Remittances & Cross-Border Payouts

Cross-border remittances are a lifeline in LATAM, but for businesses that provide them, they are also one of the hardest services to deliver profitably.

The pain points are well known

  • High fees: Transfers often carry fees of 6–25%, pricing out lower-income users and leaving little room for provider margins.
  • Slow settlement: Funds can take days to clear, depending on the corridor and intermediaries involved.
    Fragmented infrastructure: Every payout requires local partners, correspondent banks, and cash-out networks, complex to maintain and costly to expand.
    Limited control: Traditional rails dictate FX spreads, settlement times, and customer experience, leaving providers with little room to innovate.

For LATAM businesses, this means revenue leaks to middlemen, compliance overhead increases, and customer trust erodes when payments don’t arrive fast enough.

The NAKA solution


With NAKA, you can issue virtual, (self)custodial Visa payment cards directly linked to stablecoin rails and accepted through the global EMV network. Funds move instantly, bypassing correspondent banks and settlement delays.
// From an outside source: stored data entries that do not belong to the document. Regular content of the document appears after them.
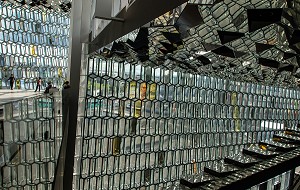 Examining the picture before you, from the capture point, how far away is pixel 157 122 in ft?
35.8

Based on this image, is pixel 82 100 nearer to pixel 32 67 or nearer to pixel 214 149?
pixel 214 149

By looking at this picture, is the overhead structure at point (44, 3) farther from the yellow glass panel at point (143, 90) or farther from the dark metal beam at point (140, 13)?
the dark metal beam at point (140, 13)

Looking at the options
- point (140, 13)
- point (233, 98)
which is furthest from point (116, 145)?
point (140, 13)

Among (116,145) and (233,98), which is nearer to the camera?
(116,145)

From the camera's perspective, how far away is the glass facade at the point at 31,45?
1548 cm

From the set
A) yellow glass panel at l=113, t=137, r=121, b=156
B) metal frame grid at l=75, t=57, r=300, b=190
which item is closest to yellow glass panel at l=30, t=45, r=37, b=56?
metal frame grid at l=75, t=57, r=300, b=190

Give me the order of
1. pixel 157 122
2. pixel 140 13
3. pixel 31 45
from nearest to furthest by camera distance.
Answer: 1. pixel 140 13
2. pixel 157 122
3. pixel 31 45

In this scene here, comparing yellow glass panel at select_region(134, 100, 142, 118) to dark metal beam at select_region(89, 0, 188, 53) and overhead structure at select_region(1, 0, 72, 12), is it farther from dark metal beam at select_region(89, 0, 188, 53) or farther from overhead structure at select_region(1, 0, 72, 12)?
dark metal beam at select_region(89, 0, 188, 53)

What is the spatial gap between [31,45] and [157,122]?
30.7 ft

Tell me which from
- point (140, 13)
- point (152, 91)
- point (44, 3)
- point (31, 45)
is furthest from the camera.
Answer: point (31, 45)

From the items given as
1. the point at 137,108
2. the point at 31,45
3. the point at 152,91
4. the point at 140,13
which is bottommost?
the point at 137,108

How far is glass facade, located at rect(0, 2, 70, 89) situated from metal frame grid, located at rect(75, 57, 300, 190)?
625 cm

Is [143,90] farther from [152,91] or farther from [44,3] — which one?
[44,3]

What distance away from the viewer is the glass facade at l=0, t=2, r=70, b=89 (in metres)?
15.5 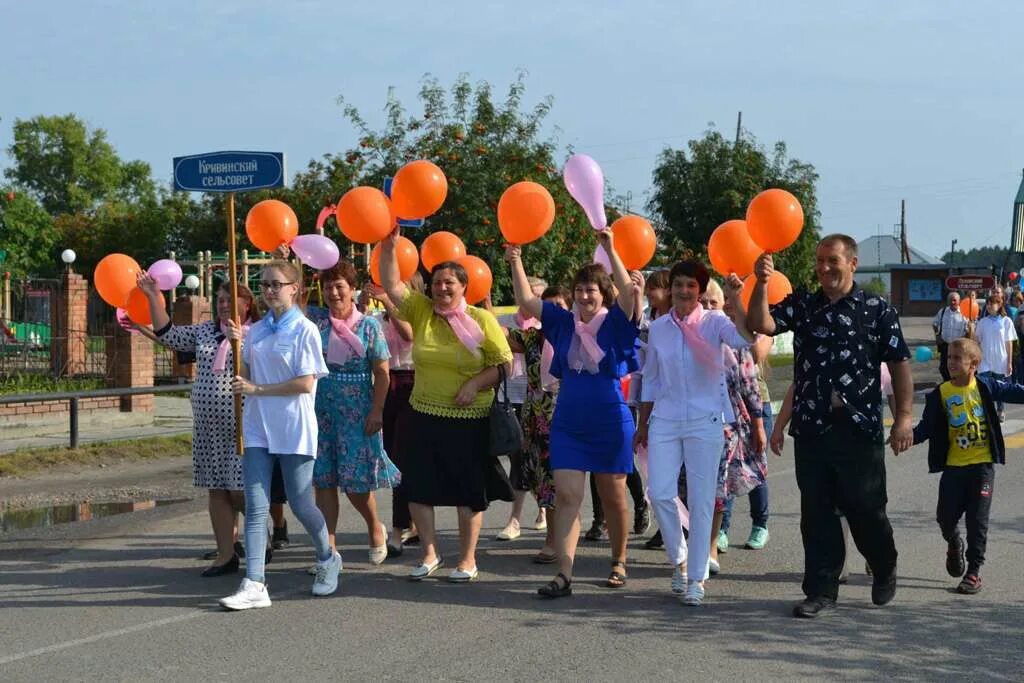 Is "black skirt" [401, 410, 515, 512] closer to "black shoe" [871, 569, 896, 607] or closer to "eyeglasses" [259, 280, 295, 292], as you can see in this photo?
"eyeglasses" [259, 280, 295, 292]

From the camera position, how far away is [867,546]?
6.61 metres

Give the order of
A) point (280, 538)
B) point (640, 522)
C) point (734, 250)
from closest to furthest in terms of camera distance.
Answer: point (734, 250)
point (280, 538)
point (640, 522)

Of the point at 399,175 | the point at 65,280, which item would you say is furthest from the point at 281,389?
the point at 65,280

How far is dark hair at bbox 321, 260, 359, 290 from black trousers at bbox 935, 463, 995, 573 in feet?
12.0

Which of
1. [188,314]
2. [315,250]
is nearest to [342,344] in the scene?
[315,250]

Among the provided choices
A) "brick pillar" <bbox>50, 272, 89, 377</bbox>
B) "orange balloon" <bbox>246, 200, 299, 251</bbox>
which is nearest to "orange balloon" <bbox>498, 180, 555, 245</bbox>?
"orange balloon" <bbox>246, 200, 299, 251</bbox>

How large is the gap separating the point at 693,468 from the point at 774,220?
53.4 inches

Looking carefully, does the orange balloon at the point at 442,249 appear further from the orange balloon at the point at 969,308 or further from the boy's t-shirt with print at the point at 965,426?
the orange balloon at the point at 969,308

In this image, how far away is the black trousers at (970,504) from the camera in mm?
7207

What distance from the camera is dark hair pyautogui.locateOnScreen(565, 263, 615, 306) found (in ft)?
23.8

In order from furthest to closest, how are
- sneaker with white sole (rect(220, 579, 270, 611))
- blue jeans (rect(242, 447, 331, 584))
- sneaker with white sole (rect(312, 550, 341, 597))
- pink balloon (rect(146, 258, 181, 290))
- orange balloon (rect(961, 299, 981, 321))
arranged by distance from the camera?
orange balloon (rect(961, 299, 981, 321))
pink balloon (rect(146, 258, 181, 290))
sneaker with white sole (rect(312, 550, 341, 597))
blue jeans (rect(242, 447, 331, 584))
sneaker with white sole (rect(220, 579, 270, 611))

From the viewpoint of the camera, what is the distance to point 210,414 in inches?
302

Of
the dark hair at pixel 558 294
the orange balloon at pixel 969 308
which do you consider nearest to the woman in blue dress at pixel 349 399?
the dark hair at pixel 558 294

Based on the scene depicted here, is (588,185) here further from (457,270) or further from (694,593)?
(694,593) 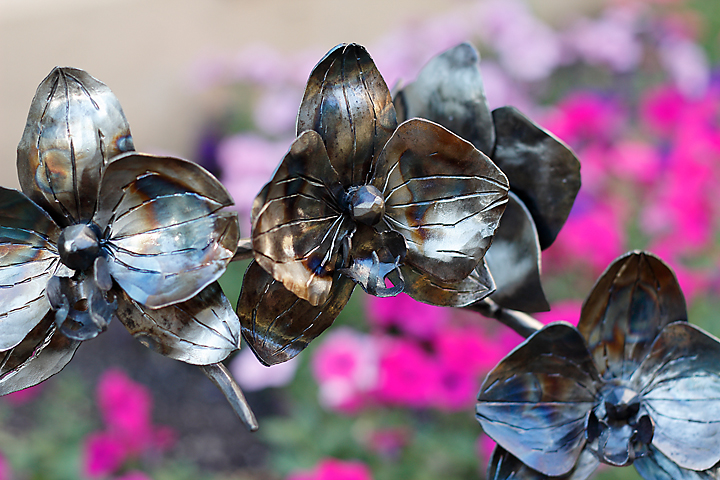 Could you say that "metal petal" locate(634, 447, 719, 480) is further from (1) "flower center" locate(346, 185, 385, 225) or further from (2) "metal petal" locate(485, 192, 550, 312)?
(1) "flower center" locate(346, 185, 385, 225)

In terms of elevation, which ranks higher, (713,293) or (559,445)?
(559,445)

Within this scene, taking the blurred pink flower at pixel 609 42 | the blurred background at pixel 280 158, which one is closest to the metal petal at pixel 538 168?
the blurred background at pixel 280 158

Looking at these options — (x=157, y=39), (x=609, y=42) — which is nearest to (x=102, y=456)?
(x=609, y=42)

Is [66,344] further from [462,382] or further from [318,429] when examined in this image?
[318,429]

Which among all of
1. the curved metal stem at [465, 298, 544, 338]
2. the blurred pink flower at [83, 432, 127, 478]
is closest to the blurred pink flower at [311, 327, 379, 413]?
the blurred pink flower at [83, 432, 127, 478]

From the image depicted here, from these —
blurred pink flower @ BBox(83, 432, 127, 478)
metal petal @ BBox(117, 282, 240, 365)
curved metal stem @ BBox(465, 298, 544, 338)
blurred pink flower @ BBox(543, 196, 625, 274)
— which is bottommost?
blurred pink flower @ BBox(83, 432, 127, 478)

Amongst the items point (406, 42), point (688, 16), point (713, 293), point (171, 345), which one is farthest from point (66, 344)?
point (688, 16)

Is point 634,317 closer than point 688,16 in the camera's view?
Yes

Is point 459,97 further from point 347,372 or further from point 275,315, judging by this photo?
point 347,372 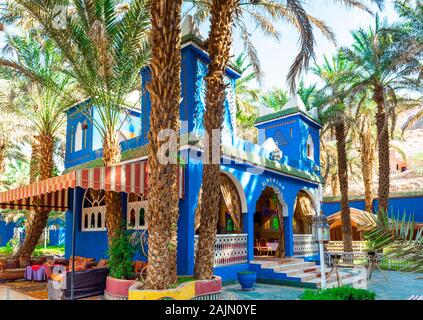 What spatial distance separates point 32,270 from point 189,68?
9392mm

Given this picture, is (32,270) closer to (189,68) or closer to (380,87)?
(189,68)

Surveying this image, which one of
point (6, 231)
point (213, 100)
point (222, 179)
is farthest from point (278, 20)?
point (6, 231)

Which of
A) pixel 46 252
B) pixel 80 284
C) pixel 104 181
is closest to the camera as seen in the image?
pixel 104 181

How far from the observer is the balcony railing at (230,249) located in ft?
44.4

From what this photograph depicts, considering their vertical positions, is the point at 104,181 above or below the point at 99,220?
above

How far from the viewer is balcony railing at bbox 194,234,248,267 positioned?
13.5m

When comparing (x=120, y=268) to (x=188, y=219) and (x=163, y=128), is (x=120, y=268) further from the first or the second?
(x=163, y=128)

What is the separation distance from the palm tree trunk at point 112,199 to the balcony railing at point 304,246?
9235 mm

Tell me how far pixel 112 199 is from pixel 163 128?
428cm

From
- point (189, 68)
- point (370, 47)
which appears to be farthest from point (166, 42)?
point (370, 47)

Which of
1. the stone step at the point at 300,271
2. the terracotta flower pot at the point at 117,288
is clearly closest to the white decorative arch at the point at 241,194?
the stone step at the point at 300,271

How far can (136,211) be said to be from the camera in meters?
14.4

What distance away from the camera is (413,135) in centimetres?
10794

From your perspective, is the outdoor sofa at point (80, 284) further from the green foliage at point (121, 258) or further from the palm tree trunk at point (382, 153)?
the palm tree trunk at point (382, 153) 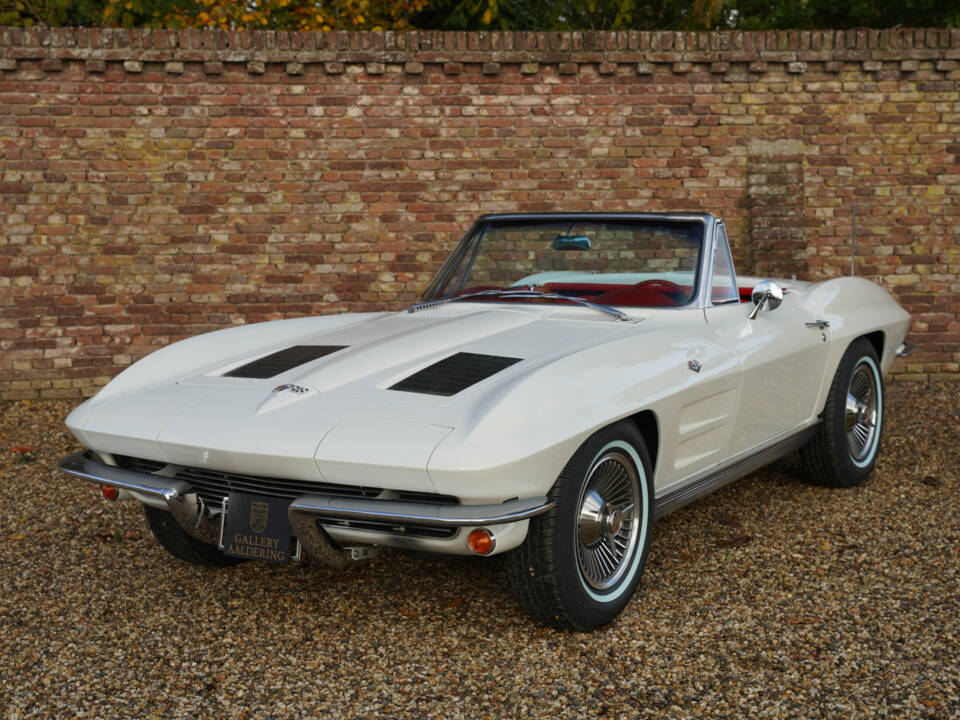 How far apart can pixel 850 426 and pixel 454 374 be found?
2653 mm

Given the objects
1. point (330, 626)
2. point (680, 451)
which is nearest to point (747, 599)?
point (680, 451)

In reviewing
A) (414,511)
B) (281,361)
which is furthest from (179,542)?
(414,511)

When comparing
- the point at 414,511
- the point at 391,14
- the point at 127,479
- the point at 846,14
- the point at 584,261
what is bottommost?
the point at 127,479

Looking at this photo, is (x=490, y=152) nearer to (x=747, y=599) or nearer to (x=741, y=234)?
(x=741, y=234)

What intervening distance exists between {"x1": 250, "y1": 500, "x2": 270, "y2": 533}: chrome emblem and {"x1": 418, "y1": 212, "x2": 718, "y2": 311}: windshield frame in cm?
164

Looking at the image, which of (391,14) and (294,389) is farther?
(391,14)

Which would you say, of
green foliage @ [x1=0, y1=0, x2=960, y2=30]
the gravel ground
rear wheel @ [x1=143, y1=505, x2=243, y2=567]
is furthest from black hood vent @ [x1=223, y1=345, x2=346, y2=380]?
green foliage @ [x1=0, y1=0, x2=960, y2=30]

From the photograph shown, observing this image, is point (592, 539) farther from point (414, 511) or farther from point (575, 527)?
point (414, 511)

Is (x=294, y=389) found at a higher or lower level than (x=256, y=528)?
higher

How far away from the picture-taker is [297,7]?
13.6 meters

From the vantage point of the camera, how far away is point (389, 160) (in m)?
7.83

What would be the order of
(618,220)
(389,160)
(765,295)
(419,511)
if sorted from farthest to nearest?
(389,160), (618,220), (765,295), (419,511)

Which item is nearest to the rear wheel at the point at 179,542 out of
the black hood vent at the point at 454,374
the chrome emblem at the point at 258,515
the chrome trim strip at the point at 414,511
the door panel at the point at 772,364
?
the chrome emblem at the point at 258,515

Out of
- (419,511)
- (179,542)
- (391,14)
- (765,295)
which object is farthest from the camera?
(391,14) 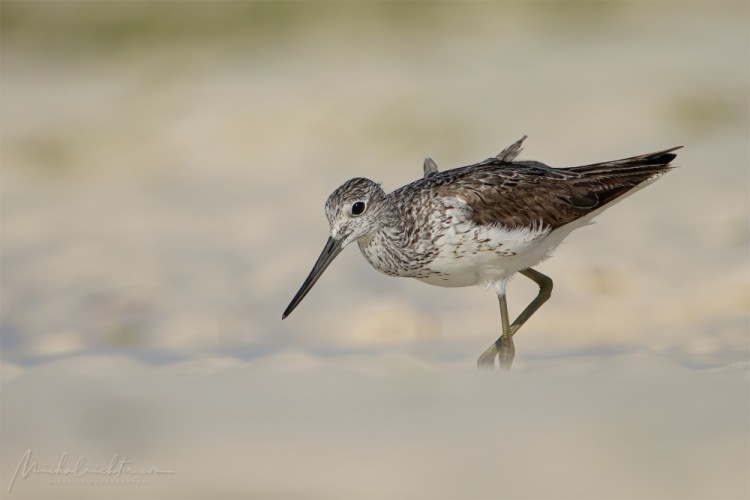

A user in El Salvador can receive their salary or remittance in USDT and spend it the same second at their local grocery store, withdraw cash at an ATM, or save it securely on their phone.

For providers, the advantages are clear

  • Capture more revenue by setting your own fee structures and reducing dependency on intermediaries.
  • Brand ownership through fully customizable virtual cards embedded in your app or platform.
  • Operational efficiency by cutting out multiple layers of banks, FX handlers, and agents.
  • Scalable expansion into new corridors without building costly local partner networks.
  • Enhanced customers’ loyalty - Providers can layer on DeFi-powered yield, savings, or insurance products, as well as loyalty and rewards programs linked directly to the card, enhancing both customer experience and revenue potential over time.

By replacing outdated infrastructure with a direct-to-user payout model, remittance providers turn a low-margin, compliance-heavy business into a scalable growth engine, delivering faster, cheaper, and more reliable services while owning the rails themselves.